The real fault line in Wells's book has to do with mobility. Not for the first time in Wells's career, the ability to move freely about is the tacit index of utopian desire. His alt-world, with its globe-spanning networks of rapid electric trams and trains, and its happily nomadic population, is one vision of that possibility. Where Thomas More sequestered his utopia on an island against the hostility of the larger world, Wells inverts that model: his whole world is perfect except for ‘the Island of Incurable Cheats’, ‘Islands of Drink’ and so on. But this larger logic of inversion reveals itself as actually, of course, an ideological play. For just as Wells's Utopians zoom here and there with ideal and total mobility, so they are surveilled with an ideal and total surveillance. Every Utopian is assigned ‘a distinct formula, a number or “scientific name,” under which he or she could be docketed’, and every single citizen is included in this database: ‘the record of their movement hither and thither, the entry of various material facts, such as marriage, parentage, criminal convictions and the like’.

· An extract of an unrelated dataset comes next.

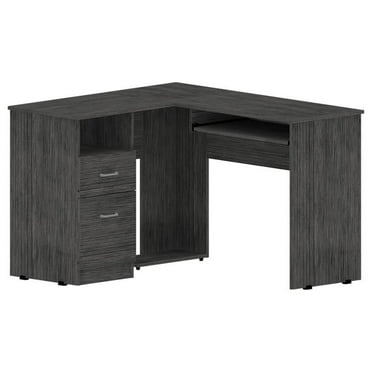 Tuhome - Engineered Wood Modern Mix L-Shaped Desk - Smoky Oak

These index cards might conceivably be transparent and so contrived as to give a photographic copy promptly whenever it was needed, and they could have an attachment into which would slip a ticket bearing the name of the locality in which the individual was last reported. A little army of attendants would be at work upon this index day and night. From sub-stations constantly engaged in checking back thumb-marks and numbers, an incessant stream of information would come, of births, of deaths, of arrivals at inns, of applications to post-offices for letters, of tickets taken for long journeys, of criminal convictions, marriages, applications for public doles and the like. A filter of offices would sort the stream, and all day and all night for ever a swarm of clerks would go to and fro correcting this central register, and photographing copies of its entries for transmission to the subordinate local stations, in response to their inquiries. So the inventory of the State would watch its every man and the wide world write its history as the fabric of its destiny flowed on. At last, when the citizen died, would come the last entry of all, his age and the cause of his death and the date and place of his cremation, and his card would be taken out and passed on to the universal pedigree, to a place of greater quiet, to the ever-growing galleries of the records of the dead. [Modern Utopia, 180]Utopia, says Wells, ‘must square itself to the needs of a migratory population, to an endless coming and going, to a people as fluid and tidal as the sea’; and it's a point he clearly considered worth making more than once: ‘such a record is inevitable if a Modern Utopia is to be achieved.’ Inevitable! The mobilization of Utopian liberty is formally defined by the mobilization of the powers of surveillance to limit Utopian liberty. That's Platonic too: the guardians will, ‘by their surveillance forcibly restrain’ the Kallipolitians [Republic 552e], and Plato explicitly calls them ‘watchdogs’. And it might easily lead discussion down that Benthamite, Foucauldian line of the panopticon and its coercive powers. But instead of that I'm going to suggest a key as-it-were point of difference between Wells's novel and Plato's great work.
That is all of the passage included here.